High Society 

Presented by Diablo Light Opera Company at Dean Lesher Regional Center for the Arts, through June 16

The year is 1938 and the heroine is Tracy Lord, a beautiful and high-spirited socialite whose wealthy family is preparing for her second marriage. This time around, she's engaged to self-made dullard George Kittredge. The groom-to-be compares unfavorably to Tracy's first husband, C.K. Dexter Haven, a dapper, devil-may-care sort who lost Tracy during his battle with the bottle and who still lives in the neighborhood.

Tracy's life is further complicated by her parents, whose marriage is teetering after her father's fling with an exotic dancer. Tracy's mother Margaret still loves him, but Tracy resolutely refuses to let her father back into her life for his failure to meet her strict standards. There are also Tracy's delightful and precocious younger sister Dinah and bibulous Uncle Willie, a harmless chap whose purpose in life seems to be looking for good times. Added to the mix are a pair of prowling reporters named Mike and Liz masquerading as guests. Of course, it's a patrician setting, so an army of maids and butlers is on hand to contribute to the musical merriment and move sets between the scenes.

The script, based on MGM's 1940 film Philadelphia Story starring Cary Grant, Jimmy Stewart, and Katharine Hepburn, calls for a coldly magnificent Tracy Lord--you know, a Yankee ice queen. But in DLOC's version, what we get is a Rockette: Wendy Wilcox's Tracy is faintly Town & Country but smacks more of Disney. Audiences in 1940 weren't thrilled with the mannered aloofness that characterized the heroine of Bringing Up Baby, though, so perhaps Wilcox's lack of resemblance to Hepburn isn't such a bad thing. It's just that her bubbliness misses both the layered vulnerability and imperiousness that properly defines an "ice goddess" before she melts toward the inevitably happy ending.

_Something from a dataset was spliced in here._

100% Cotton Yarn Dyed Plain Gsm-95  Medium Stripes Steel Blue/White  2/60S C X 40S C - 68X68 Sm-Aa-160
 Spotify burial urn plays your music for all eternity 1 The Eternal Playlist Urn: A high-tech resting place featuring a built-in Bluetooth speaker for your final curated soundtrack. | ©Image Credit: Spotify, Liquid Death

What recommends a revival of this show, first done in 1956, is the music of Cole Porter, which includes both movie tunes and additions from other Porter musicals. This patchwork method of combining songs from several productions into one works surprisingly smoothly, with one exception: when the skirt-chasing ways of Uncle Willie (Alan Cameron) result in a romantic duet with resistant reporter Liz (Dana Lewenthal)--"I'm Getting Myself Ready for You"--the starry-eyed sentiment seems to arrive out of nowhere and has nothing to do with the rest of the story.

Another of the romantic songs, "True Love," perhaps furthers the plot a little too smoothly. Whereas Philadelphia Story's plot was a delightfully unpredictable mess, here the lowered lights, swelling music, and intimate pairing of Tracy and Dexter all but give away the ending on the spot.

Other musical numbers give the show spunk and show off the performers' versatility. In the opening number, "High Society," we are treated to the Charleston. "Let's Misbehave" features tap dance, and, best of all, the entirety of "She's Got That Thing" is gleefully devoted to Papa Seth Lord's exotic dancer, tailfeathers and all, though she's not even present among the cast of characters.

But the choreography, by Don Wilson and David Smidebush, leaves much to be desired during Tracy's solo "It's All Right with Me," when a song that should be the show's poignant turning point comes off as somewhat glib. Tracy's bittersweet resignation, necessarily contemplative and melancholy, instead features bouncing shoulders and cheeseball leg kicks. As such, the moment is wasted.

More memorable are the performances by Lewenthal as the long-suffering "Bolshevik" reporter with a deep, wonderfully solid voice; Jennifer Levey as the pert, Pippi Longstockingish sister; and Mike Dederian as the suitor who never quite grew up but who works hard for his rewards, making him somehow more likable and seemingly deserving than Cary Grant.